Berlin, Mexiko-Stadt (epd). Mexiko hat die erste Frau zur Präsidentin gewählt. Laut offiziellen Hochrechnungen gewann die linksgerichtete Politikerin Claudia Sheinbaum die Wahl mit 58 bis 60 Prozent, wie die Wahlbehörde am Montag bekannt gab. Die Kandidatin der Regierungspartei Morena und frühere Bürgermeisterin von Mexiko-Stadt lag damit deutlich vor der zweitplatzierten Mitte-Rechts-Kandidatin Xóchitl Gálvez, die auf etwa 29 Prozent kam. Die 61-jährige Sheinbaum soll das Amt von Staatschef Andrés Manuel López Obrador am 1. Oktober übernehmen.
Sie habe den Sieg nicht allein errungen, sagte die promovierte Energie- und Umweltingenieurin in ihrer Siegesrede. „Wir alle zusammen kommen hier an, mit unseren Heldinnen, die uns Heimat gegeben haben, mit unseren Ahninnen, unseren Müttern, unseren Töchtern und Enkelinnen.“ Sheinbaum versprach, die soziale Politik ihres beliebten Vorgängers und Mentors López Obrador fortzuführen, die der Regierungspartei Morena ihren Erdrutschsieg bescherte.
Der scheidende Staatschef López Obrador betonte, sie sei nicht nur die erste Frau an der Spitze des mexikanischen Staates, sondern möglicherweise auch das Staatsoberhaupt, das mit den meisten Stimmen gewählt wurde. Auch ihre Kontrahentin Gálvez gratulierte Sheinbaum zum Sieg. Glückwünsche erreichten die jüdischstämmige Wissenschaftlerin auch aus dem Ausland, vor allem von linksgerichteten Präsidenten Lateinamerikas wie dem Kolumbianer Gustavo Petro, seinem venezolanischen Kollegen Nicolás Maduro und Boliviens Staatschef Luis Alberto Arce.
Das Staatsoberhaupt wird in Mexiko für sechs Jahre gewählt, begrenzt auf eine Amtszeit. Neben dem Präsidentenamt wurden am Sonntag in dem weltweit bevölkerungsreichsten spanischsprachigen Land auch über den Kongress, die Regierungen mehrerer Bundesstaaten sowie mehr als 20.000 öffentliche Ämter abgestimmt. Auch bei den Gouverneurswahlen konnte die Morena-Partei zusammen mit den viel kleineren Allianzpartnern PT und den Grünen ebenfalls ihre Vormachtstellung ausbauen.
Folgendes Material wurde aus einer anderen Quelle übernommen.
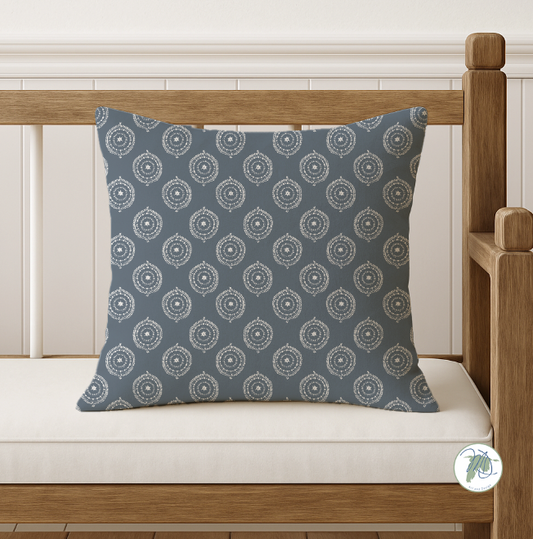 Decorative pillow with a blue pattern on a wooden bench.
Auf eines der gravierendsten Probleme Mexikos, die grassierende Gewalt krimineller Banden und Drogenkartelle, ging Sheinbaum in ihrer Rede nur spät und indirekt ein. Sie werde die Ursachen bekämpfen und keine Straflosigkeit tolerieren, sagte sie. In ihrer Zeit als Bürgermeisterin der Hauptstadt (2018-2023) stand sie jedoch gerade wegen weit verbreiteter Straflosigkeit bei schweren Verbrechen wie Morden, Femiziden und sexuellen Übergriffen oder Kidnapping in der Kritik. Mexiko hat eine der höchsten Mordraten der Welt. Täglich werden mit neun bis zehn Morde an Frauen begangen.
Auch der Wahlkampf war geprägt von Gewalt, vor allem auf kommunaler Ebene. Die Regierung sprach von 22 getöteten Kandidaten oder Anwärtern auf eine Kandidatur. Menschenrechtsorganisationen gehen allerdings von höheren Zahlen aus. So wurden gemäß Data Civica seit der Eröffnung des Wahlkampfs im September mindestens 31 Politiker und Politikerinnen ermordet. Auch zahlreiche Parteifunktionäre und Familienmitglieder seien der politischen Gewalt zum Opfer gefallen.
Der Wahltag selbst verlief für mexikanische Verhältnisse ruhig. Nur 246 der gut 170.000 Wahlurnen konnten nicht eingerichtet werden, davon 108 im südmexikanischen Chiapas aufgrund einer Gewaltwelle des organisierten Verbrechens.